Messaggio da latriplice » 07/12/2023, 11:09

Blue_scouter ha scritto:

È da parecchio che non “navigo” su questo forum e che non leggo il relativo periodico (pur continuando ad archiviarlo nel mio PC). Eppure c’è un articolo proprio del periodico Vedanta – uscito un po’ di tempo fa – che continua a ronzarmi nella testa: si tratta – se non ricordo male – di un breve scritto in cui si parlava di due fasi del processo realizzativo: la fase negativa (neti, neti: non questo, non questo) e la fase positiva (iti, iti: è questo, è questo).
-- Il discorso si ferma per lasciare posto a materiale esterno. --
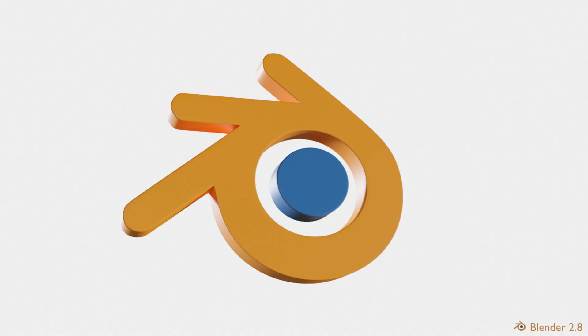Make sure you subscribe to my channel for more Blender tutorials and also questions and requests are welcome anytime.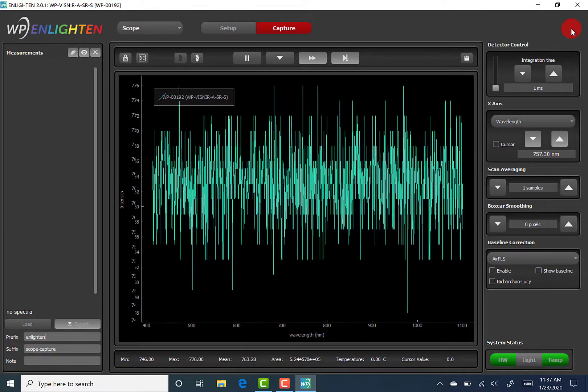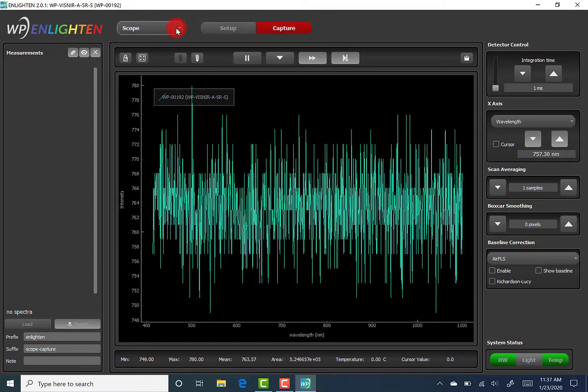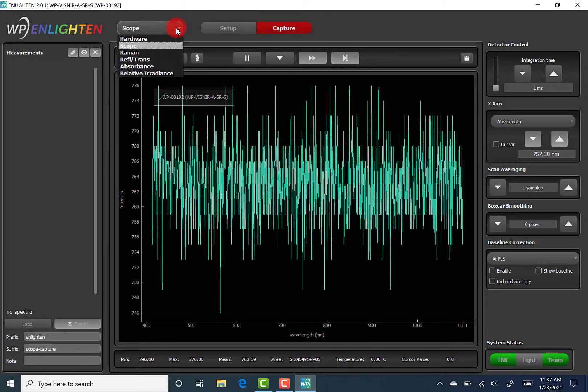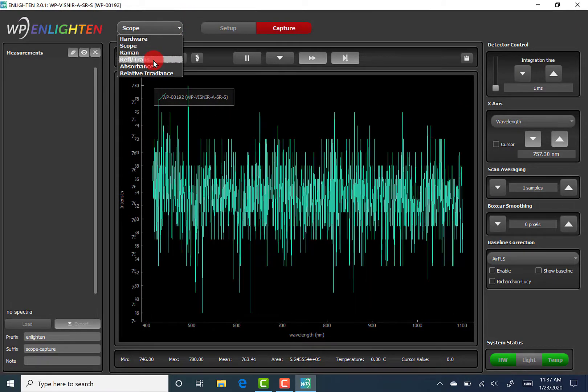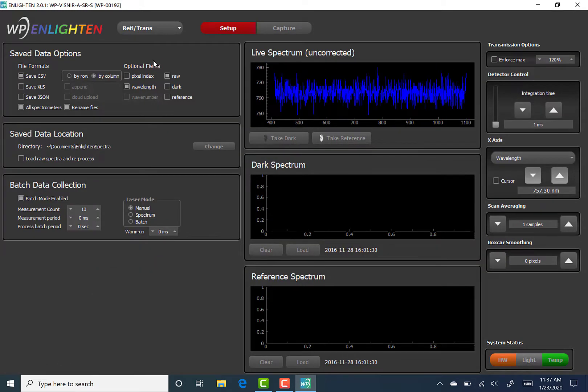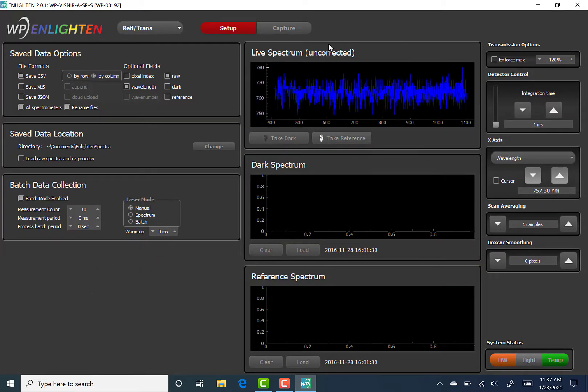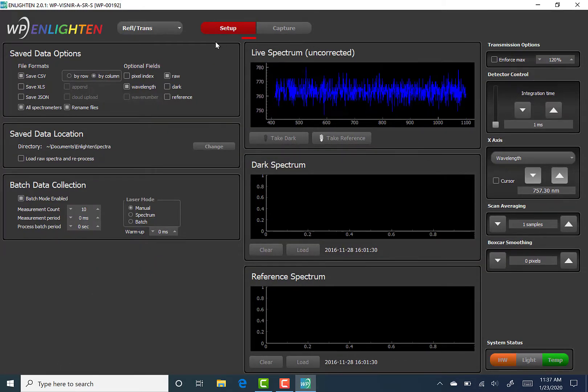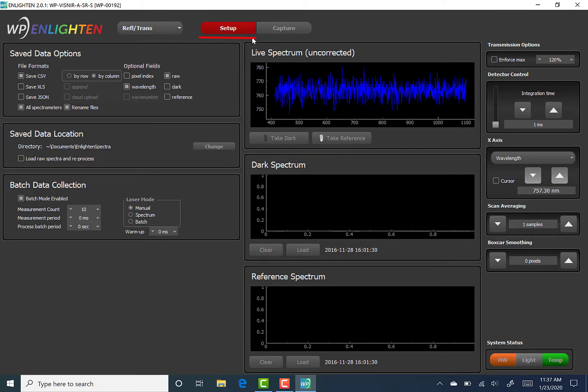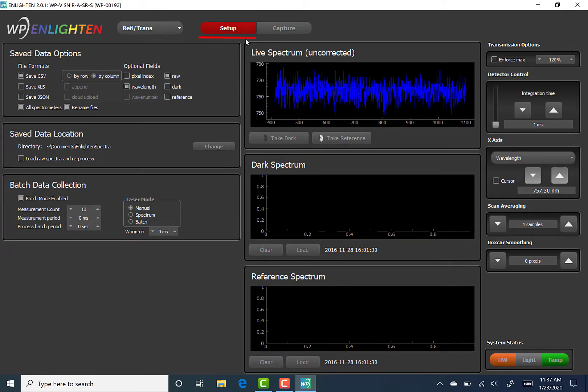Since we, by default, are in scope mode, let's switch to reflectance/transmission technique just to see what we're talking about. Right away, the software takes us to the Setup tab, where various configuration options are available to the user.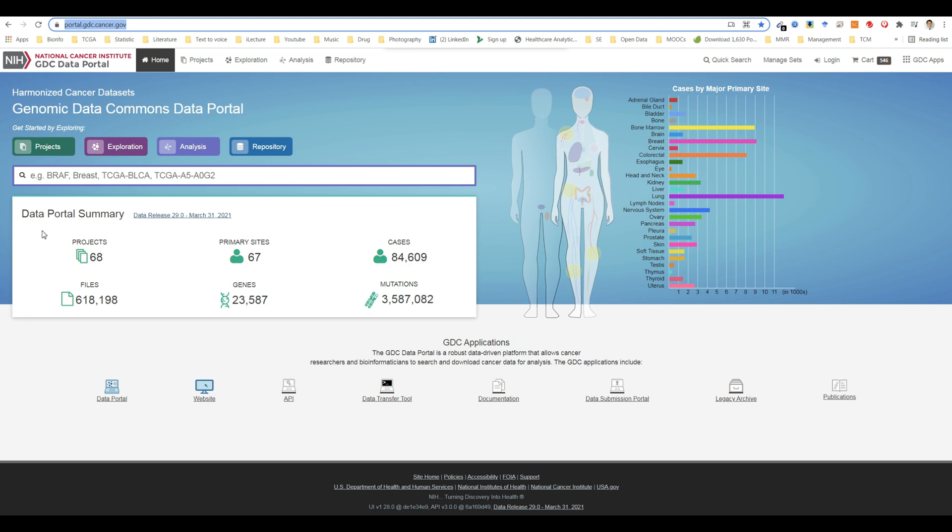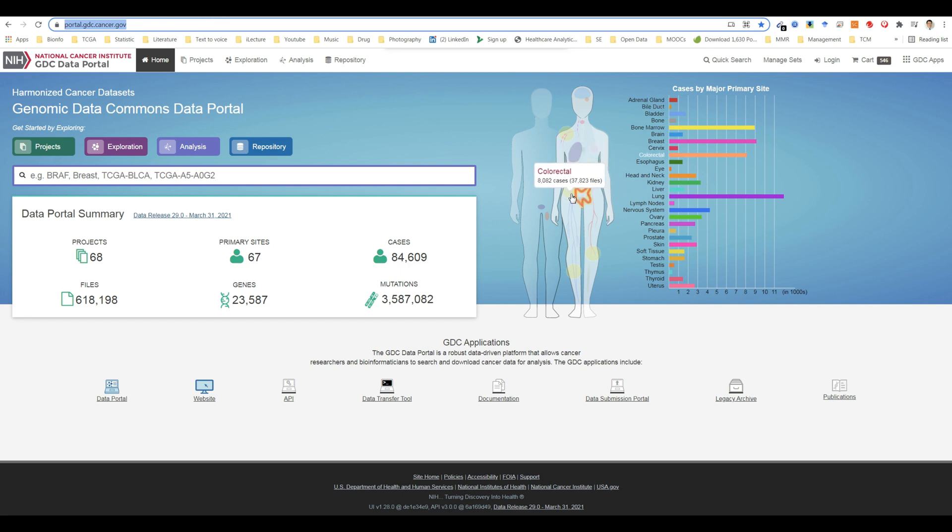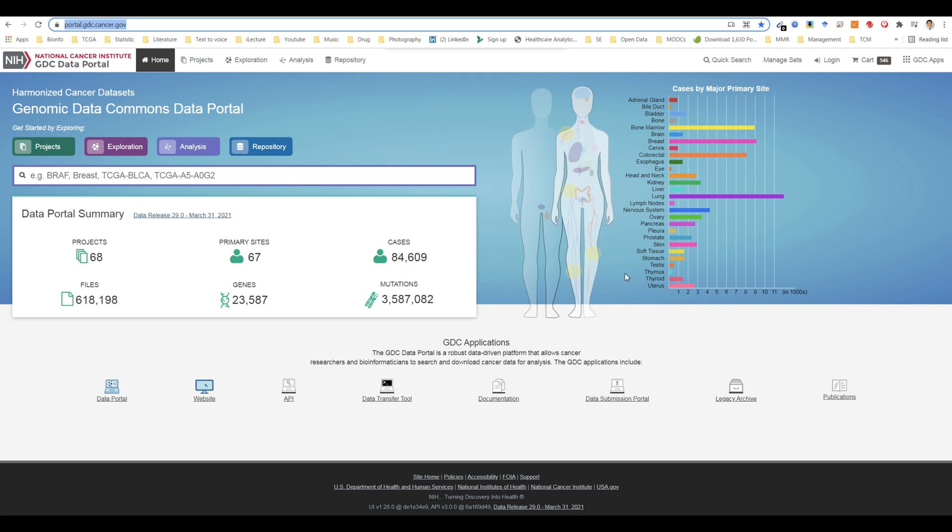These include navigation based on project, exploration, analysis, repository, or human anatomical sites. Each view provides a distinct representation of the same underlying set of GDC data and metadata.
Non scendo nel dettaglio delle due fasi – e poi a che servirebbe, non potrei mica parlare da reale “conoscitore”. Vorrei solo esprimere un pensiero che, sebbene in forma alquanto confusa, continua a ripresentarsi alla mia mente: l’amore non muore, l’amore è eterno. Ed esso (l’amore) è, in un certo senso, un “anticipo” di eternità che sperimentiamo, sin da ora, in questo dannato relativo dove tutto sembra scorrere inesorabilmente, apparendo dal nulla e al nulla facendovi ritorno. Forse però le cose che abbiamo davvero amato, una volta morte, ritorneranno a nuova vita. Dando così origine a quel ciclo chiamato vita...
Anche nel processo realizzativo tipico dell'Alchimia si affrontano queste due fasi di discriminazione (neti neti) e di integrazione (iti iti).
L'Opera alchemica nella sua fase iniziale, la nigredo, prende in considerazione lo stato coscienziale di partenza identificato con l'apparato psicosomatico riassumibile nel concetto "io sono questo". Quando poi questa fase di completa disidentificazione dall'apparato psicosomatico ha termine si raggiunge l'albedo, la Coscienza impersonale riassumibile nel concetto "io sono". L'ultima fase, la rubedo, consiste nel risolvere la separazione che sussiste tra l' "io sono" ed il "quello", i nomi e le forme che costituiscono la tua manifestazione, tutto il conoscibile ed il percepibile universale, in modo che si realizzi ciò che effettivamente è presente: "Sono". Quando cade l'ultima vestigia dell'ignoranza, l' io, ciò che rimane è la beatitudine (ananda) dell'indifferenziato, l'amore che non muore a cui ti riferisci.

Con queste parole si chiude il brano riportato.